Game Of Who Pilot EP00 — Men Don’t Need Nipples

Remember how we said the L.G.C. Aftershow would go full-metal Game of WHO during the series? Yeah, we weren’t joking. On our pilot episode we break down “The Bells of Saint John” and “Valar Dohaeris”.

Links:

The first two seasons of Game of Thrones summed up in a single nine-minute video

http://www.slate.com/articles/arts/slate_v/2013/03/game_of_thrones_in_9_minutes

 

21 facts about the cast that you didn’t know

http://www.uproxx.com/tv/2013/03/21-quick-facts-about-the-cast-of-game-of-thrones-that-you-might-not-know/

 

The twelve most ridiculously embarrassing moments in Doctor Who’s long history

http://io9.com/12-most-mortifying-moments-in-the-history-of-doctor-who-461118771

 


First impressions:

Doctor WHO – The Bells of Saint John

J- ???

V-

  • Not a fan of the new intro music. /lawn.

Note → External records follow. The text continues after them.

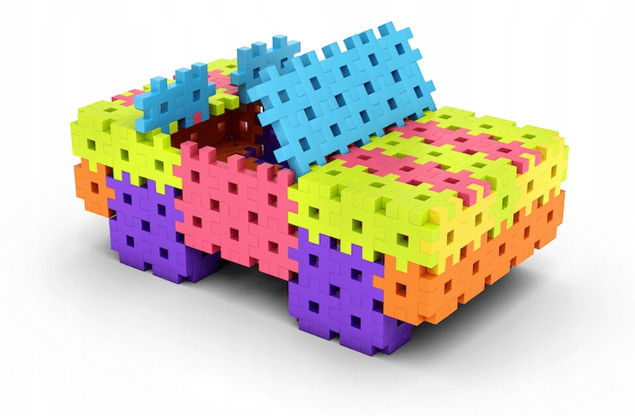 KLOCKI KONSTRUKCYJNE WAFLE MELI BASIC TRAVEL BOX 1000 EL PUZZLE 3D GOFRY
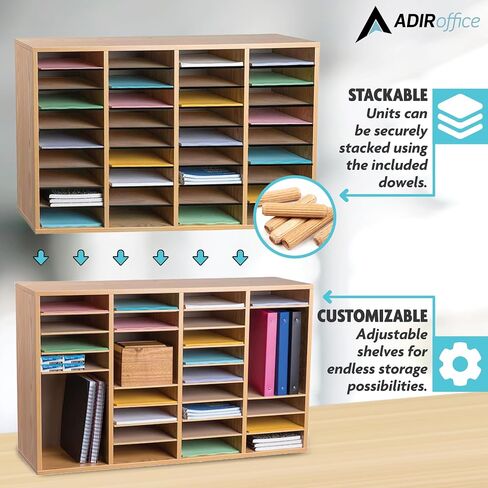 منظم الأدب القابل للتعديل من AdirOffice - صندوق بريد خشبي للفصل الدراسي للطلاب، فارز بريد المكتب، فتحات تخزين المنظمة، حامل ورق البناء، صناديق بريد ورق الحرف اليدوية (36 فتحة، بلوط متوسط) in Kuwait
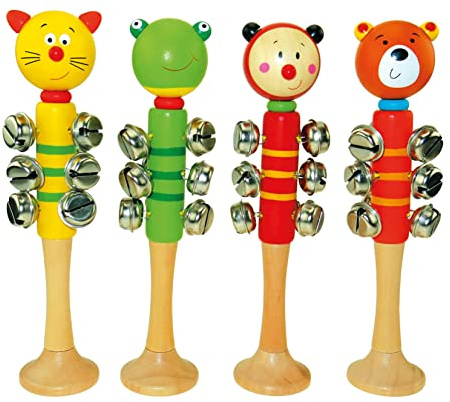 Bino Shaker bébé 9086586-9 grelots - Tête d'animal - Instrument de Musique Rythmique pour Enfants à partir de 36 Mois - Hochet 20,5 cm de Long - Multicolore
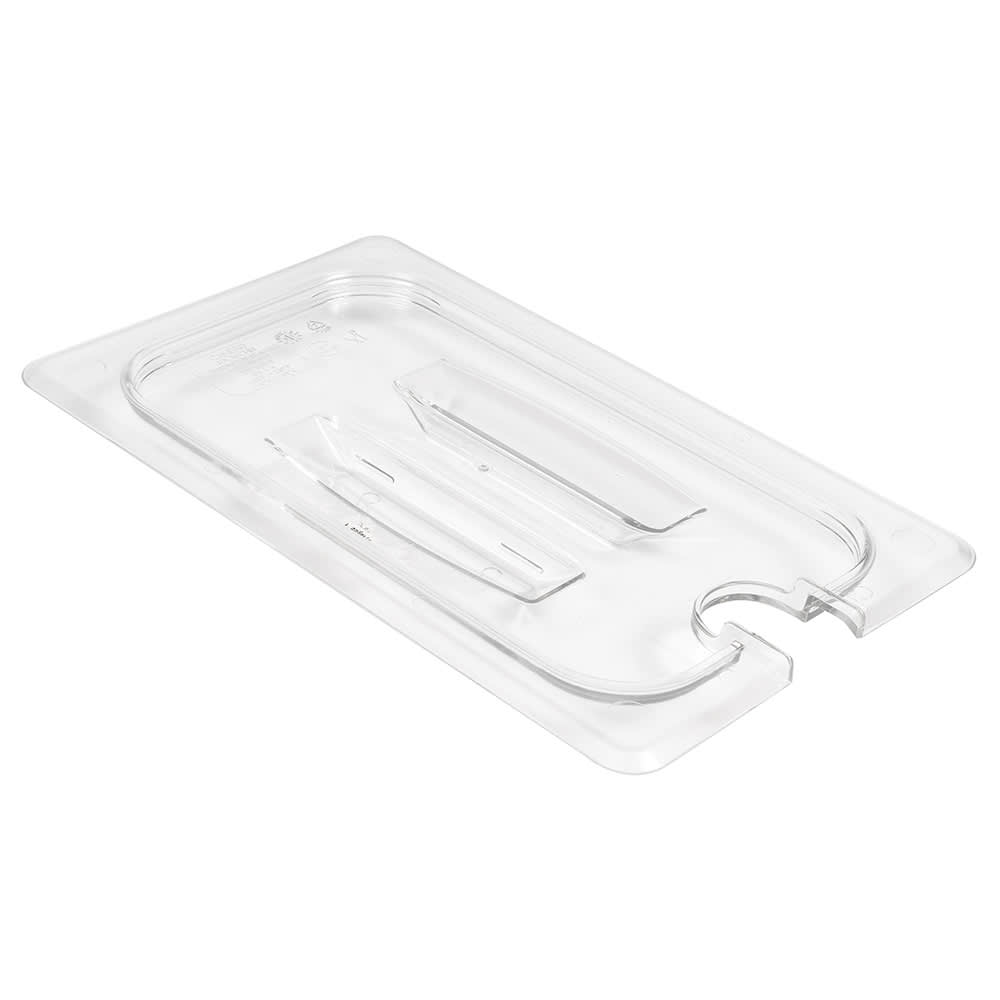 144-40CWCHN135 Camwear Food Pan Cover - 1/4 Size, Notched with Handle, Clear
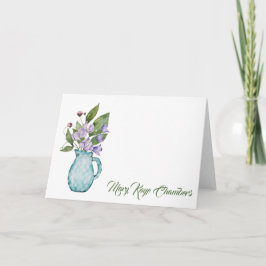 Vattenfärgat Lila Sweet Pea Flowers Note Card Anteckningskort
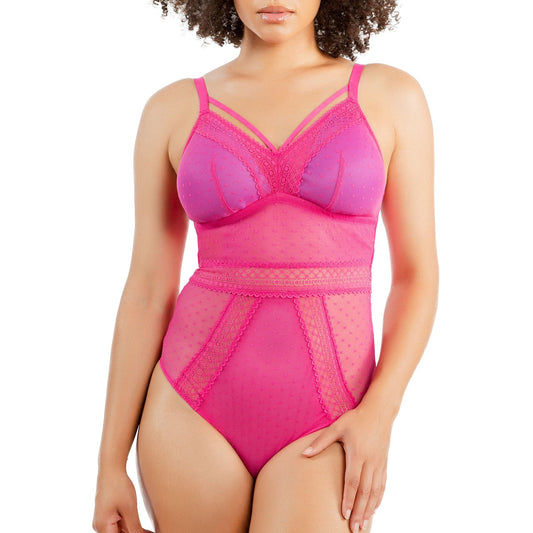 Mia Dot P6017 Women's Sexy Wire-free Bodysuit Lingerie - Bright Pink
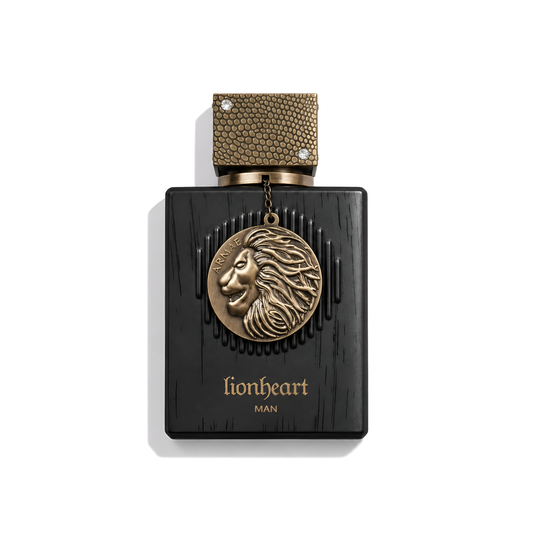 Bottle of Armaf Club De Nuit Lion Heart EDP fragrance on a white background with soft shadow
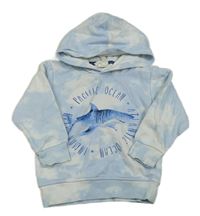 Modro-bílá batikovaná mikina se žralokem a kapucí H&M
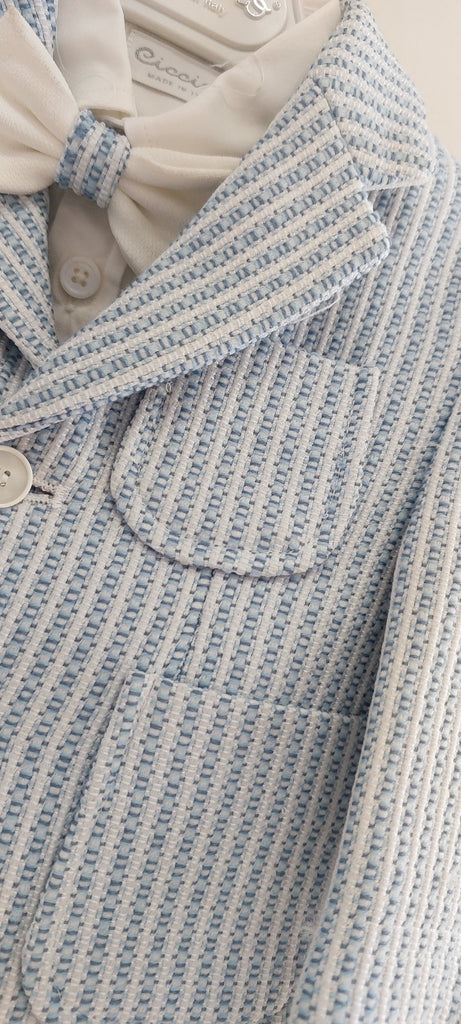 boys striped jacket suit mid blue bowtie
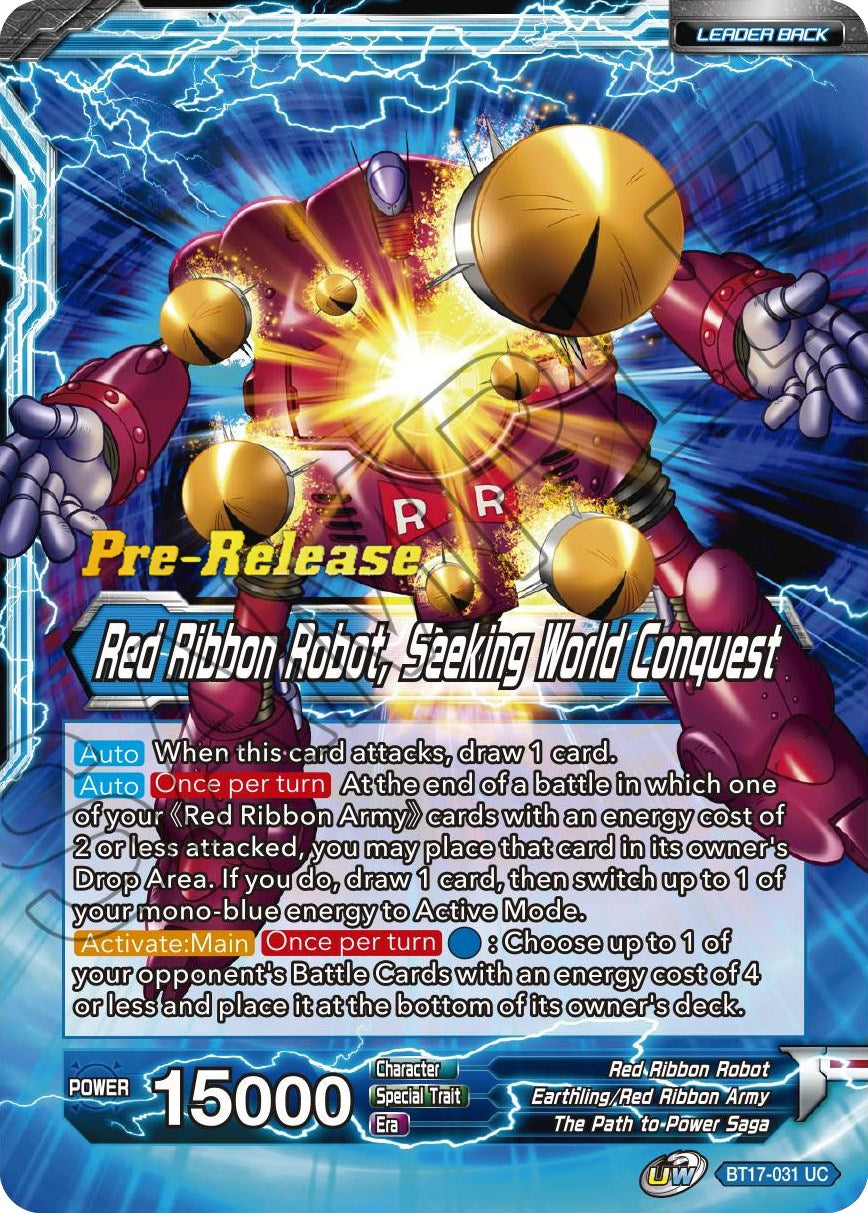 Commander Red // Red Ribbon Robot, Seeking World Conquest (BT17-031) [Ultimate Squad Prerelease Promos] | Odin's Place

  • New companion starts out where Martha jones ended.

  • Is the Great Intelligence going to be a thing?

P-

  • It’s never been my favoU(murrca)(matter of consistency, if I don’t say colo’u’r I ain’t sayin’ favo’u’rite)rite series, but it’s doing a damn fine job at keeping me entertained.

 

Problems:

Doctor WHO

J-

  • Oh noes!  I’m being downloaded into the internet!  Haaaaaaaaaalp!

V-

  • Cringe worthy green screen

  • Real time “hacking”.

  • TARDIS interior. It looks like something the J man and I would come up with during one of our drug fueled Bolivian escapades.

  • WTH linked her support call to the TARDIS?!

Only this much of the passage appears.